[Start of Attachment]
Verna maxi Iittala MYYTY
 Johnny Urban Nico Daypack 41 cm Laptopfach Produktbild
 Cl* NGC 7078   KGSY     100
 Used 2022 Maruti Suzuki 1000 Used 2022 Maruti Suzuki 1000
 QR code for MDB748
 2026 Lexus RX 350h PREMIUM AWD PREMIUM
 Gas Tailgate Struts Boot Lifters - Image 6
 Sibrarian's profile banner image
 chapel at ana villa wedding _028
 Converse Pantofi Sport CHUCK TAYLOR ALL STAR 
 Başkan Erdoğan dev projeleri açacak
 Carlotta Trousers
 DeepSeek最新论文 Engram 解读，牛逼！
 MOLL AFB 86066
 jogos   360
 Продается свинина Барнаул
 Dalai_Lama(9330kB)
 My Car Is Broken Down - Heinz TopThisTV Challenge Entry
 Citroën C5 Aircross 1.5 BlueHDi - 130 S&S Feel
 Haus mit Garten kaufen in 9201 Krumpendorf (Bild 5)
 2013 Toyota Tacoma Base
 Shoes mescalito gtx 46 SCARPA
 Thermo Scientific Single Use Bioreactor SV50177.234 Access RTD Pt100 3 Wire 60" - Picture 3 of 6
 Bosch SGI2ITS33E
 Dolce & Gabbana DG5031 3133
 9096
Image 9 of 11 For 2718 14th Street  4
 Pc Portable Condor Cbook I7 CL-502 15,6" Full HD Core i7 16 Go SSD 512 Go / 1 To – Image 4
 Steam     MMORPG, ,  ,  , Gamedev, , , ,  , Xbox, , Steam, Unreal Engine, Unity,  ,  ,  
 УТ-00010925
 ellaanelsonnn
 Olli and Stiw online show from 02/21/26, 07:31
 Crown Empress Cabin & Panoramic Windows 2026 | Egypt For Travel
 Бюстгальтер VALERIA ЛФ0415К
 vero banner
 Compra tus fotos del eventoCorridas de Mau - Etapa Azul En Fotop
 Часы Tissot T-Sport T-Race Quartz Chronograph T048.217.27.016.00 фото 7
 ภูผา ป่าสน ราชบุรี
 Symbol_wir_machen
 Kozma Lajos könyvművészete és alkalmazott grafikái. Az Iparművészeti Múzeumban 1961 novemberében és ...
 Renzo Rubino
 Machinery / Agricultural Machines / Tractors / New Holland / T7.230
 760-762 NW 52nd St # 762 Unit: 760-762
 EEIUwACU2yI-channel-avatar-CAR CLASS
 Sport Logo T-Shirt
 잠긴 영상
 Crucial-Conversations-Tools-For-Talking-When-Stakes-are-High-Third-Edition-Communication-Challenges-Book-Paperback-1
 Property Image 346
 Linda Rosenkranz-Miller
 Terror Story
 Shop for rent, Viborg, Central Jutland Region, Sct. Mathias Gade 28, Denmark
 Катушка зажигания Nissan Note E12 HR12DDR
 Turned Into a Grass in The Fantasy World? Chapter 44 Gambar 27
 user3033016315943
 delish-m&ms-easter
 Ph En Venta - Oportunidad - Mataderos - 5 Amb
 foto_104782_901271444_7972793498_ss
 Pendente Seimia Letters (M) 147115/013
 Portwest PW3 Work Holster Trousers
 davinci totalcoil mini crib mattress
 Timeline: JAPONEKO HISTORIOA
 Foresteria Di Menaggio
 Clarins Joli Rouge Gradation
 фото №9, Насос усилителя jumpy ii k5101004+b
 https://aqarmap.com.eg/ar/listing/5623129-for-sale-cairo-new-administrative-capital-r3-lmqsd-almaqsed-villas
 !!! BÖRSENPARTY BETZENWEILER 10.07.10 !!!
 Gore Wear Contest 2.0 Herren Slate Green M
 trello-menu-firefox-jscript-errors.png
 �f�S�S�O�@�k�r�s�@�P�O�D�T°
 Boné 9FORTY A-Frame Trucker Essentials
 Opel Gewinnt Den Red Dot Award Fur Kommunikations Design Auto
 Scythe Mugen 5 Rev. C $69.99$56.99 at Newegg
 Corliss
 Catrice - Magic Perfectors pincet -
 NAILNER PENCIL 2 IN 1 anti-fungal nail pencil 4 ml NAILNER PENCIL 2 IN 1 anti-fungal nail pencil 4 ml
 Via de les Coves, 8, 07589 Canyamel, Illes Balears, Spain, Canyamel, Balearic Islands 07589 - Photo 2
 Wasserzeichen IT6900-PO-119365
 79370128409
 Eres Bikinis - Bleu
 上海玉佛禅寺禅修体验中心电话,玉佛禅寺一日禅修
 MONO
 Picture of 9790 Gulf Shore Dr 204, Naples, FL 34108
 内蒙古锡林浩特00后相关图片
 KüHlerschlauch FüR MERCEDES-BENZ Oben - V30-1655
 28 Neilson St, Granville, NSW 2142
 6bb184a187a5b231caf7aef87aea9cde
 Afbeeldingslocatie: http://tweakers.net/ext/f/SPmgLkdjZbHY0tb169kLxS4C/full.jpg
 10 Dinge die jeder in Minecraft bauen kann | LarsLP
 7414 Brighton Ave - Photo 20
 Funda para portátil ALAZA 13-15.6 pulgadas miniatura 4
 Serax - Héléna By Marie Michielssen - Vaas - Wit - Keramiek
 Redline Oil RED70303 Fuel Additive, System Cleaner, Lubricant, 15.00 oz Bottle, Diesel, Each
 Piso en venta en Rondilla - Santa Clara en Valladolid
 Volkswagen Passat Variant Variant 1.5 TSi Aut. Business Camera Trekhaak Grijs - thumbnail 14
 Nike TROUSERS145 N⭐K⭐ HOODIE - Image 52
[End of Attachment]
The answer should be one number: how many lines in the listing above contain "Sport".

3